The Internal Revenue Service will maintain a policy barring pastors and churches from endorsing political candidates following a surprise ruling in a high-stakes court battle.
In a March 31 opinion, Judge J. Campbell Barker in the U.S. District Court for the Eastern District of Texas dismissed a lawsuit filed by the National Religious Broadcasters and others that challenged an IRS rule known as the Johnson Amendment.
The Johnson Amendment was introduced by former President Lyndon B. Johnson in 1954 when he was serving as U.S. Senate majority leader. It bans all tax-exempt organizations like churches and charities from “directly or indirectly” participating in politics, specifically in endorsement or opposition of candidates.
I have no problem with churches backing candidates, if they surrender their tax free status first.
Actually, churches should not be tax exempt anyway. If they’re doing good work in the community, they can open their books and apply for 501©3 status.
They can back anyone they want–and lose their tax exempt status. They can’t have it both ways.
Churches get political all the time, they just don’t face consequences for it.
Selective enforcement is back on the menu, boys.
The judges ruling is specifically about not allowing selective enforcement:
However, Barker’s decision effectively nulls the exception. The ruling is largely because, according to Barker, federal courts do not have the jurisdiction to change the tax status of a plaintiff or create exemptions from tax laws. His court cannot provide declaratory relief “with respect to federal taxes,” the judge said in his opinion.
“Could let” presumes they can’t and don’t currently.
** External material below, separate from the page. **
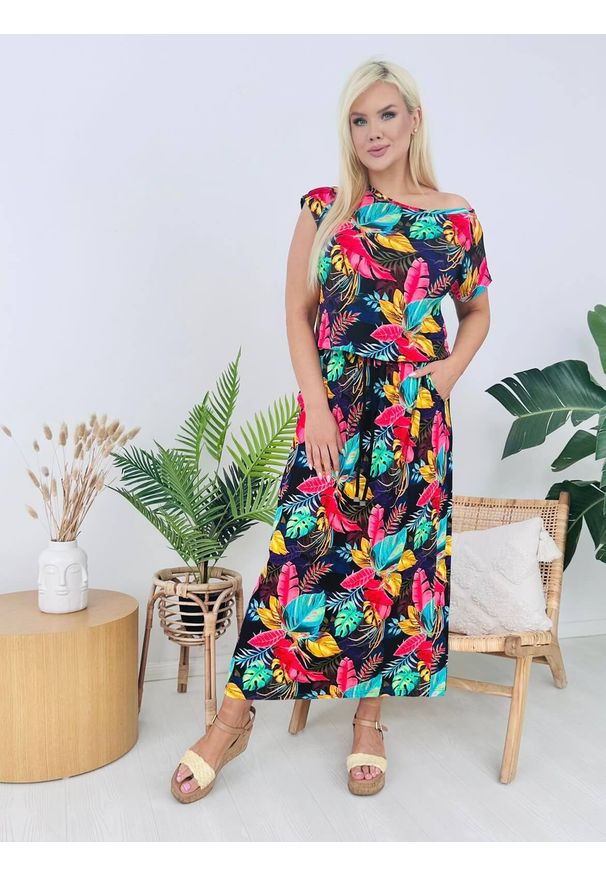 Moda Size Plus Iwanek - Sukienka Salma MAXI w kolorowy print XXL OVERSIZE LATO. Okazja: na co dzień. Materiał: wiskoza, tkanina, dzianina, elastan, poliester. Długość rękawa: krótki rękaw. Wzór: kolorowy, nadruk. Sezon: lato. Typ sukienki: oversize. Styl: boho, casual. Długość: maxi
And that’s ridiculous.
I know when we think of politics in church you think of evangelicals and Republicans, but don’t forget that the black Church has been nexus for progressive politics since forever.
I bring this up because a misguided attempt to reign all this in would give a powerful tool to those who’d suppress Democrat voters. (If you ever wonder why Republicans hate Sunday voting, you probably haven’t seen the church bus pull up to the polling station.)
A church providing transportation to a polling place, which were I live are often churches themselves, is very different than a pastor endorsing a candidate during a service.